Picky protein behind inflammation offers new target for MS treatments
With no cure and treatments that focus primarily on managing symptoms and slowing progression of the disease, there is a dire need for new therapies to tackle multiple sclerosis (MS). Scientists have just made a promising discovery through experiments on mice which could help things along, by demonstrating how neutralizing a specific protein can selectively temper the inflammation that drives the disease, which makes it an ideal target in the ongoing pursuit of a cure.
MS is an autoimmune disease in which the body's immune system mistakenly attacks the protective layer around the nerves in the brain and spinal cord called the myelin sheath. This causes inflammation that in turn disrupts the electrical signals traveling from the brain to the rest of the body which leads to all kinds of symptoms, ranging from muscle spasms to mobility issues to a loss of vision.

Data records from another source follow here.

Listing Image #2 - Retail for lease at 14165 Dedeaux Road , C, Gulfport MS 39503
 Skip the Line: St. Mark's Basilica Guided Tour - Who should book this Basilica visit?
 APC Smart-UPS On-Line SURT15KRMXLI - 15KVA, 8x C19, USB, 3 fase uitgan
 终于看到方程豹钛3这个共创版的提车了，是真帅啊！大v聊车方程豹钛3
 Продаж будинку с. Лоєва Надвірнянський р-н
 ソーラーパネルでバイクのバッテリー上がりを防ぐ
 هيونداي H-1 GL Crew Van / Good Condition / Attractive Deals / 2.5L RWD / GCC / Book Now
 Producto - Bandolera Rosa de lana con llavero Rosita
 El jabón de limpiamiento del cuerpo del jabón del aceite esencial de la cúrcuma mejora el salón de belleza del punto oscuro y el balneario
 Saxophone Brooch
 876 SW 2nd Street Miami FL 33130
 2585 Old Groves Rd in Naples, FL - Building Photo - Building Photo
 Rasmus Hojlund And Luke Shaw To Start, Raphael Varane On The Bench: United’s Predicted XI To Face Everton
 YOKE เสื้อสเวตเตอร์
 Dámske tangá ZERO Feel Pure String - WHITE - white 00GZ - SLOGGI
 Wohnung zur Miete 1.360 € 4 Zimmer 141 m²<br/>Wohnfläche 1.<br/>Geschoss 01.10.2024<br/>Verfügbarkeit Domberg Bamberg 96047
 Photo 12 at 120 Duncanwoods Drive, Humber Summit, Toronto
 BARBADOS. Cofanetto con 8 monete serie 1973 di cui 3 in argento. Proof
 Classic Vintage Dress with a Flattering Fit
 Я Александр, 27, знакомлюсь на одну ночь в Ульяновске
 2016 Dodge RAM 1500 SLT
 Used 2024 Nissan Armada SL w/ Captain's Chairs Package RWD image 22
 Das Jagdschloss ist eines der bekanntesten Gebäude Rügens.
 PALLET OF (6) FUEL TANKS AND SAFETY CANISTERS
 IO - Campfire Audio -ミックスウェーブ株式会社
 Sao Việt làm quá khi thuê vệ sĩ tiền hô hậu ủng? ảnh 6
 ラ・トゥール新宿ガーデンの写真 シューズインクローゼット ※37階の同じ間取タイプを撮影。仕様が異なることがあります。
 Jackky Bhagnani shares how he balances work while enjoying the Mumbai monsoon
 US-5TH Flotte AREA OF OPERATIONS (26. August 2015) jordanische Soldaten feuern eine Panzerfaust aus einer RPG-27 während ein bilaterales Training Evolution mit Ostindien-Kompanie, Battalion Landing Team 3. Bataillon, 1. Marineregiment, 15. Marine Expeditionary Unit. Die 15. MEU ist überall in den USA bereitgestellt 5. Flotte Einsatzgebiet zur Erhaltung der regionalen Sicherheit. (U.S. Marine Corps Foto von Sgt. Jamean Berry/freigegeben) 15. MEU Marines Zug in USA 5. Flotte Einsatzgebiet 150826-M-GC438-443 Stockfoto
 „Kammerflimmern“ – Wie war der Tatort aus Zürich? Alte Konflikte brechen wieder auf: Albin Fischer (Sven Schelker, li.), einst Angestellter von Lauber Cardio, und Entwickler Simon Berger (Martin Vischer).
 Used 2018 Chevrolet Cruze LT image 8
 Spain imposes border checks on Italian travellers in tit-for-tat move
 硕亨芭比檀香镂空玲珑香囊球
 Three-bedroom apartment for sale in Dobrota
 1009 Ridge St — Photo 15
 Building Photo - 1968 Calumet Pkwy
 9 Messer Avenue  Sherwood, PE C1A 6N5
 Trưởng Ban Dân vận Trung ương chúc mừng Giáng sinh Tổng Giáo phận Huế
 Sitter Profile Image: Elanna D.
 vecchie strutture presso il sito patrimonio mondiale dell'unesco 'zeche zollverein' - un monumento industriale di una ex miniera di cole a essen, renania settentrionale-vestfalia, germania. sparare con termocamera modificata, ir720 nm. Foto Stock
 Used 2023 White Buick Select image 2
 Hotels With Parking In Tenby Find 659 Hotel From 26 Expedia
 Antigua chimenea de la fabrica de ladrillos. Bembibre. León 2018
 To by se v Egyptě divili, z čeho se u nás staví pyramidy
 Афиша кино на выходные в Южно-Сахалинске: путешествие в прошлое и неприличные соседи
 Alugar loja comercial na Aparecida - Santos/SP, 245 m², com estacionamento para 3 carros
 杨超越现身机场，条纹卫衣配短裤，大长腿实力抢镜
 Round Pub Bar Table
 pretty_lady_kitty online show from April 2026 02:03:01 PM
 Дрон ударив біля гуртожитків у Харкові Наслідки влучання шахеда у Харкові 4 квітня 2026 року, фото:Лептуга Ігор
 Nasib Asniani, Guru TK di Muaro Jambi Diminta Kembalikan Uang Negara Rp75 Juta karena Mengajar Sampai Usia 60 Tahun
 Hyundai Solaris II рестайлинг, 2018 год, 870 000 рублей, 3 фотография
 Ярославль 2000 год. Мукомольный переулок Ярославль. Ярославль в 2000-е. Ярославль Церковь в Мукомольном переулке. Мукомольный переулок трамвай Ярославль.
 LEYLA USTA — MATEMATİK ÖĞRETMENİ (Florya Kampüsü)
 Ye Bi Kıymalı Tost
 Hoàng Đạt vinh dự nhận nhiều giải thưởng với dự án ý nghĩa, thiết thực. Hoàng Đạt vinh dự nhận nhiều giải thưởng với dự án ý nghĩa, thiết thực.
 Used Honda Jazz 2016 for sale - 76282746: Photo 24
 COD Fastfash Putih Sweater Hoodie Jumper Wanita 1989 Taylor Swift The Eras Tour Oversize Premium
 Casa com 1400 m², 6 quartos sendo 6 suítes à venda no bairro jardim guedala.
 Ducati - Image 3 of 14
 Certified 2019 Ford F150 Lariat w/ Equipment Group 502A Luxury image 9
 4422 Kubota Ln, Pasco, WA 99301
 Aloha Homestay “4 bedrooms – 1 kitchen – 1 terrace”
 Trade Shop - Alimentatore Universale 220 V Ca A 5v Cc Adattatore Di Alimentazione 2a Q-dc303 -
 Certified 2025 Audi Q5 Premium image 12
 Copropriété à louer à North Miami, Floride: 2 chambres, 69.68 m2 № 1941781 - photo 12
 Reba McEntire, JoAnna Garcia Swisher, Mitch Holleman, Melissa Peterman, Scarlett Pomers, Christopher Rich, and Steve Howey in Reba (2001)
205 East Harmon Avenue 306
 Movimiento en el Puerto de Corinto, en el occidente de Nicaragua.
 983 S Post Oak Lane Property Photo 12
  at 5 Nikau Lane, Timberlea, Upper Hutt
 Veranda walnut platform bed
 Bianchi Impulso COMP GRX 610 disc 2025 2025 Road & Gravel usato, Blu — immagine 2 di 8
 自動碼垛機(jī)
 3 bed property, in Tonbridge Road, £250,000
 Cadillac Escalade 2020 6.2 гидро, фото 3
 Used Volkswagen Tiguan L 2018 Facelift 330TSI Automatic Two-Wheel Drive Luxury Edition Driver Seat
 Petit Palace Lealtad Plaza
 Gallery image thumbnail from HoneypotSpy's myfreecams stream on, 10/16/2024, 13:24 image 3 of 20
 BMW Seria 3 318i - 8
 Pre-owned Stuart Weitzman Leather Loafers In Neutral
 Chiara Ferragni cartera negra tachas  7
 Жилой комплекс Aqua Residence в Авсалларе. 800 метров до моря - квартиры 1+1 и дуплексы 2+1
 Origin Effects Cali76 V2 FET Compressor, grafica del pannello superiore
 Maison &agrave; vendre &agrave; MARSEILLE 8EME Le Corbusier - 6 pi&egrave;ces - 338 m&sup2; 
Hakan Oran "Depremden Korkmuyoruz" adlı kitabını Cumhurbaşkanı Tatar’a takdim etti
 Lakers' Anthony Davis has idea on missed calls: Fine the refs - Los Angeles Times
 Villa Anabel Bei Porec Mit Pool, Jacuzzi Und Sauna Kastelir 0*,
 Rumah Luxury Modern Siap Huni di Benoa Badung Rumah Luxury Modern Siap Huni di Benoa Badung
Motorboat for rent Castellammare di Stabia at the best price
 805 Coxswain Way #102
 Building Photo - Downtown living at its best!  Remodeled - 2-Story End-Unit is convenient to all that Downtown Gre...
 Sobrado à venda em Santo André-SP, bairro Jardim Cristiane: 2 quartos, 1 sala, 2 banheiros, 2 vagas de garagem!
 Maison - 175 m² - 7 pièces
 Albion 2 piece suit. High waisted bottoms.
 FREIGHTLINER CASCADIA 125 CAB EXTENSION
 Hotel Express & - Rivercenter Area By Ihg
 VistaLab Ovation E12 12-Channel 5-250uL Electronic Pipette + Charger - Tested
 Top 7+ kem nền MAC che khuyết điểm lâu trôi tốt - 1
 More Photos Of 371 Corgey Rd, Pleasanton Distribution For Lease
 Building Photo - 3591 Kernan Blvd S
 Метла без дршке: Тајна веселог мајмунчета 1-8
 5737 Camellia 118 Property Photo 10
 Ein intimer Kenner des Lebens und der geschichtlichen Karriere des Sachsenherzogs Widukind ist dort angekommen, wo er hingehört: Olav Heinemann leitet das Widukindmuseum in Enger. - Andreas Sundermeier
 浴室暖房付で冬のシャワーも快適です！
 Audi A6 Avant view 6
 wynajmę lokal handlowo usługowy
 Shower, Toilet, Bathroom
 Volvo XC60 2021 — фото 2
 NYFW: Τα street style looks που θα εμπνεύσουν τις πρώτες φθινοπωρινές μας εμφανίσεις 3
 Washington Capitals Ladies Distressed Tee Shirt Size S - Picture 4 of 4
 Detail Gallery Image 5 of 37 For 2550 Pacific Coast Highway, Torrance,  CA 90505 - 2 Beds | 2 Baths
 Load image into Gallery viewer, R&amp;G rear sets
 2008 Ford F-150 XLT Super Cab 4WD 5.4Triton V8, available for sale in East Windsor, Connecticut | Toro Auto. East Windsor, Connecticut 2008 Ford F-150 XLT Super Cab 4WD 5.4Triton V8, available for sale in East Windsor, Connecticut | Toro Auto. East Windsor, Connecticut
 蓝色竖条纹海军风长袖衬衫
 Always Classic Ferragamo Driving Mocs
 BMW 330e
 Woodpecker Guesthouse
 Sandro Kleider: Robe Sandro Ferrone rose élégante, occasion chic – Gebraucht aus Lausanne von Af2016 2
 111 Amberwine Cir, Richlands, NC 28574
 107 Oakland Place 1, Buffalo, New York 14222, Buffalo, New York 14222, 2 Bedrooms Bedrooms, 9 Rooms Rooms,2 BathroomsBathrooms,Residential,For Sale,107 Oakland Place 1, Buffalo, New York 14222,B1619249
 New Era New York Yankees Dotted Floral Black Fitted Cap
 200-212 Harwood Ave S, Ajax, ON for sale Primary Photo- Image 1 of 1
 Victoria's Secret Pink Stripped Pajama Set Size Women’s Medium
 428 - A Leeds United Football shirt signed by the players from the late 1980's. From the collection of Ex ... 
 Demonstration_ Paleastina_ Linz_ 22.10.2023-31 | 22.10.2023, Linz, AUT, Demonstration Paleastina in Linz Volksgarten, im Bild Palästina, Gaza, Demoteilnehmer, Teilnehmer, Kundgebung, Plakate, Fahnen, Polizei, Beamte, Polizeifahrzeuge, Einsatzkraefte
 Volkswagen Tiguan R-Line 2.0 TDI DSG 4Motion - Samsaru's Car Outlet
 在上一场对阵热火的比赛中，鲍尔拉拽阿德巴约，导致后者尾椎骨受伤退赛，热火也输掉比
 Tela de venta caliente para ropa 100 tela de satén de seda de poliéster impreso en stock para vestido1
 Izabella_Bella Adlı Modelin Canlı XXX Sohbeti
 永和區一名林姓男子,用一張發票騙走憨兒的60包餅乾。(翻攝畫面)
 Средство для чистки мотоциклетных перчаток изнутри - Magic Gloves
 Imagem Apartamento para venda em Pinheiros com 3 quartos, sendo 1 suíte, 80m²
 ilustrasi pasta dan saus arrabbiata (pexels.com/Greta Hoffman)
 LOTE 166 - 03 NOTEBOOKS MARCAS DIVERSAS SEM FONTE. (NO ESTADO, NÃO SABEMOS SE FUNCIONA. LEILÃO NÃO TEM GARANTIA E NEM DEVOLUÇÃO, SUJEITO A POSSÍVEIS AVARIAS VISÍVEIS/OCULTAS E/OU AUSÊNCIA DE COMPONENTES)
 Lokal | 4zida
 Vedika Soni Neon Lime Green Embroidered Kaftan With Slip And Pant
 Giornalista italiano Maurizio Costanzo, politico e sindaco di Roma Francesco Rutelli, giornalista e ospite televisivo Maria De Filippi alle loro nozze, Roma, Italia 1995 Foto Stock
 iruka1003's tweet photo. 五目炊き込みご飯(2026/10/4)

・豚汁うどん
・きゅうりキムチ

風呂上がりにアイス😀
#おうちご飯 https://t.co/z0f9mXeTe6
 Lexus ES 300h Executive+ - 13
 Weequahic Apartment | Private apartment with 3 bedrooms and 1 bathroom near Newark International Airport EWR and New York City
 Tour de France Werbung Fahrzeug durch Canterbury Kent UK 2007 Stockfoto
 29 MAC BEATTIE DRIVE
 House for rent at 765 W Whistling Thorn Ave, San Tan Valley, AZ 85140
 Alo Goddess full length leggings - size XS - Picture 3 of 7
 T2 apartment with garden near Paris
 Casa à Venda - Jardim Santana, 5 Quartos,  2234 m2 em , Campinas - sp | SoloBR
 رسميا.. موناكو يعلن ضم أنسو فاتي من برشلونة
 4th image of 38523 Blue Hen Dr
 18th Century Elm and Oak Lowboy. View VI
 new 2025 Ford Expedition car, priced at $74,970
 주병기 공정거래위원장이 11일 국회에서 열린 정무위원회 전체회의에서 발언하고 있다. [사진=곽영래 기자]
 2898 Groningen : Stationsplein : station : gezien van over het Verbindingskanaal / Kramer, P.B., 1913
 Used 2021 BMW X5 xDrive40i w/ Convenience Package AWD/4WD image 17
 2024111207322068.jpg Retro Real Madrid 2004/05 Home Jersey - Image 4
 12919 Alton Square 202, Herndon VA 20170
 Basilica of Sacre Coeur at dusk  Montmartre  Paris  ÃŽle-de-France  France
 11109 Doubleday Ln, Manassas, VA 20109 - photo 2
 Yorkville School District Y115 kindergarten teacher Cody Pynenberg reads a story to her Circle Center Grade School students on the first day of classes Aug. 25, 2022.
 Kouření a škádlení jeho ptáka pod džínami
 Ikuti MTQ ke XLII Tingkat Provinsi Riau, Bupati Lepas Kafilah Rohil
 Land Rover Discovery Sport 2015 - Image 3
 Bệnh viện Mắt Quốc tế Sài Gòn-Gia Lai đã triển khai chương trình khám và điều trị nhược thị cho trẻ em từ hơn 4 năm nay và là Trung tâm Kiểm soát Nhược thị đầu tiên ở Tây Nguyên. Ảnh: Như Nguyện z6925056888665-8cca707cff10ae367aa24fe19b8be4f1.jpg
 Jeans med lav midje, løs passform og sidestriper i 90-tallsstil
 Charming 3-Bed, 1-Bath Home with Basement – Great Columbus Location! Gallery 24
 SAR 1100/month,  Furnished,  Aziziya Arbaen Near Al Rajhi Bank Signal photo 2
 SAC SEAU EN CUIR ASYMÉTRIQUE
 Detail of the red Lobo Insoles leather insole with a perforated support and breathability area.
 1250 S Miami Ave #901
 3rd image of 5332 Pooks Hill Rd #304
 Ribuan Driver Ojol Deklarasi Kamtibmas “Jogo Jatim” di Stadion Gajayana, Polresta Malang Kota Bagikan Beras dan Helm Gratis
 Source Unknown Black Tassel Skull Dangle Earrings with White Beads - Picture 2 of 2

It is this inflammation that is the focus of new research from a team led by scientists at the University of California, Irvine (UCI), who investigated how regulatory T cells called Tregs might have an important role to play. These cells specialize in suppressing immune responses and, in the context of MS, help temper the inflammation triggered by attacks on the myelin sheath.
T cells use signals from different proteins to respond to threats in the body, helping fight off bacteria, heal up wounds or tackle cancer. Tregs play an important counter-balancing role in this process, preventing out-of-control T cell responses that typify an autoimmune response, like that seen in MS. The UCI scientists zeroed in on one of these protein triggers for T cell responses called Piezo1, which research has shown to be important in regulating a range of bodily functions.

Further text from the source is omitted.